We have even discussed what immersive actually means on a philosophical level. As an industry we’re all over it.

Find out what the experts are saying on immersive audio with SVG Europe Audio’s Look Back at Qatar here

But outside the industry, that’s not necessarily the case. Despite the popularity of 3D soundbars and the built-in accessibility of Dolby Atmos in Sky Glass, not everyone is reaping the benefit. Most people don’t have a home cinema system, and even if they do, half the time they might be watching the game on their phone, or their laptop, or on a tablet. In real life, most people are still listening to programme output on two channels.

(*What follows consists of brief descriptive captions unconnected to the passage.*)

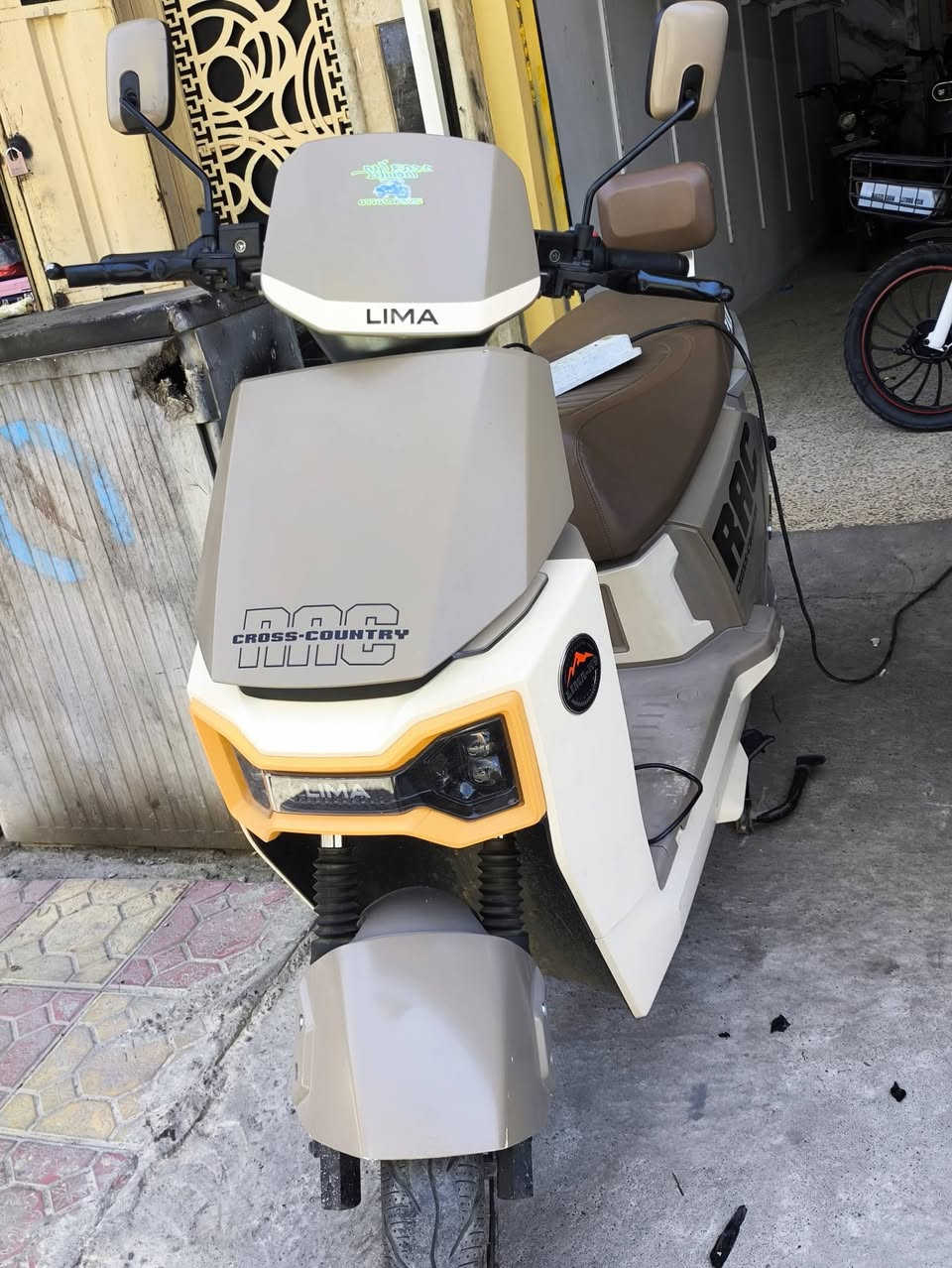 فول الفول 
سرعه 80حقيقي 
بطاريات شرط 11
نضيف حيل 
950
رقمي***********
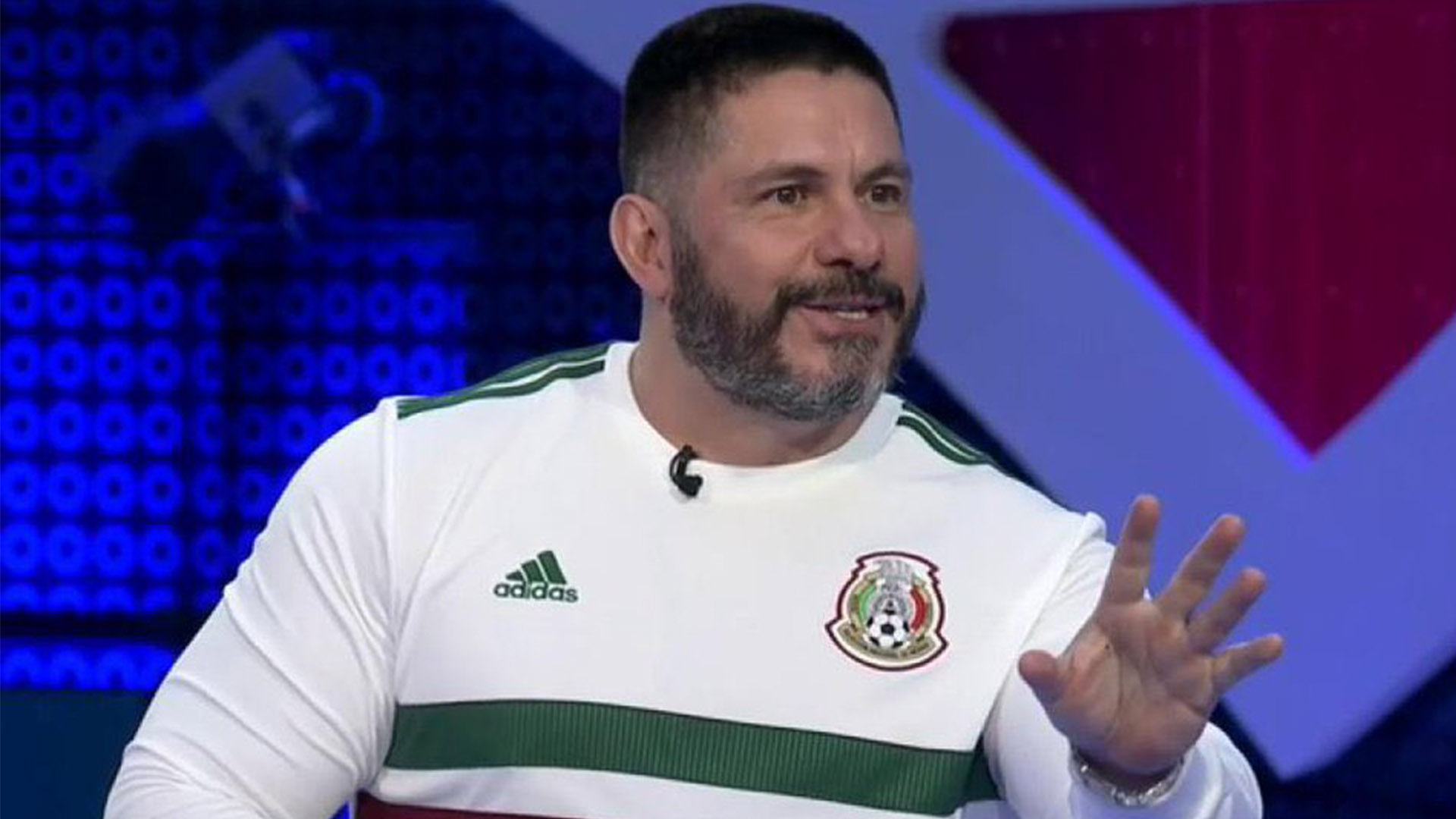 Ya llegó papá”: así fue el conmovedor regreso de David Páramo a la  televisión - Infobae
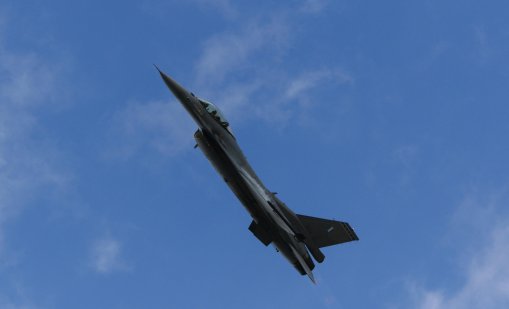 Разузнавателен самолет на ВВС на САЩ лети над Черно море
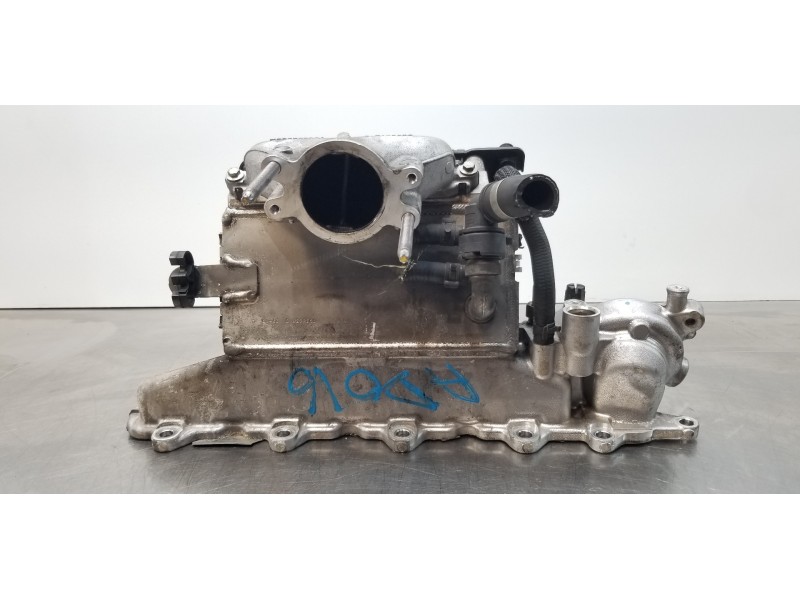 Recambio de colector admision para renault scenic iv grand zen referencia OEM IAM 140038639R  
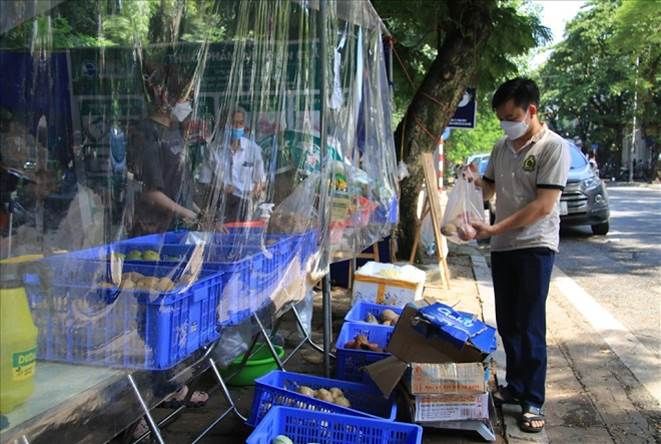 Ý nghĩa từ gian hàng “đổi rác lấy thực phẩm sạch”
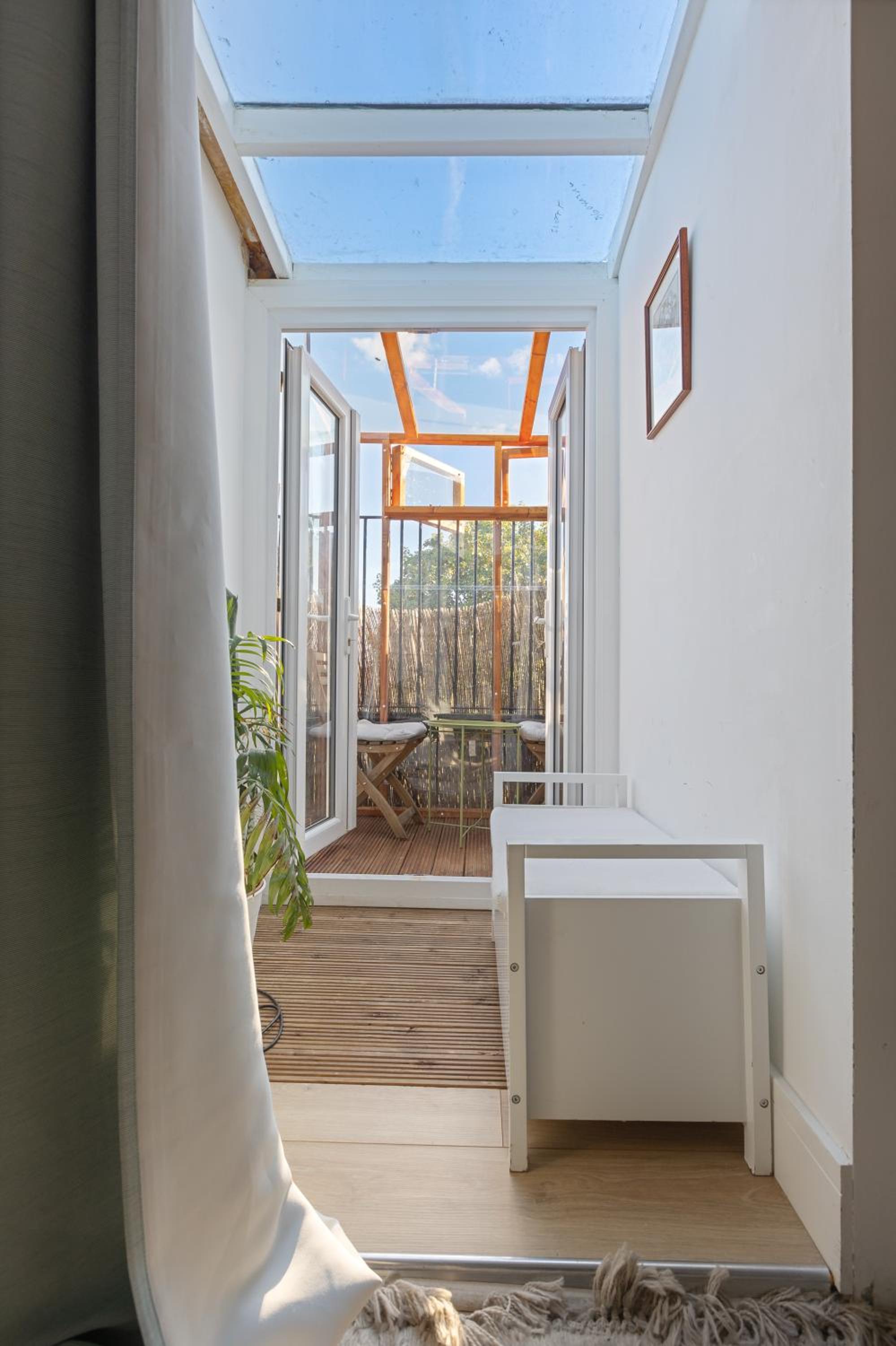 Modern flat & balcony in historic West Kensington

But what if there was a way to provide a more immersive experience from every single 3D audio mix, irrespective of the device you are using? Over the last few years Sennheiser’s Pro Labs have been looking for ways to do exactly this, to extract more value from immersive mixes and deliver them to a wider range of users.

Netflix steps up

Sennheiser’s Ambeo 2-Channel Spatial Audio renderer was launched in June 2022, when Netflix was the first OTT provider to go live with it in the cloud.

The renderer creates an enhanced two-channel mix from an immersive signal that works across headphones, TVs, and other stereo environments. Netflix now provides more than 700 titles which use the technology; Premium Plan subscribers can hear them by searching for, “spatial audio”.

The development attracted attention from sports broadcasters looking to enhance their offering, and following feedback at IBC 2022, Sennheiser was quick to develop a stream-based version. The Ambeo 2-Channel Spatial Audio renderer for live production was launched at NAB 2023.

Pellegrini says: “It is more expensive to produce an immersive mix and if we can only validate the additional cost by the number of immersive listeners it is a more difficult business case. While many high-profile sporting events are already produced in immersive formats, a spatialised renderer like AMBEO can encourage broadcasters to invest in immersive mixes at other events because it also improves the listening experience for the majority of viewers listening in stereo.

“If we can help justify that cost by adding value for the entire audience it becomes an easier argument; we think that technologies like the Ambeo 2-Channel Spatial Audio ups the game for all viewers.”

Not like other renderers

Of course, there are a number of spatialised renderers on the market, buoyed by the widespread adoption of binauralised audio from big brands like Apple. And nor is it a new technology; binaural audio has been around as an immersive two-channel format since 1881.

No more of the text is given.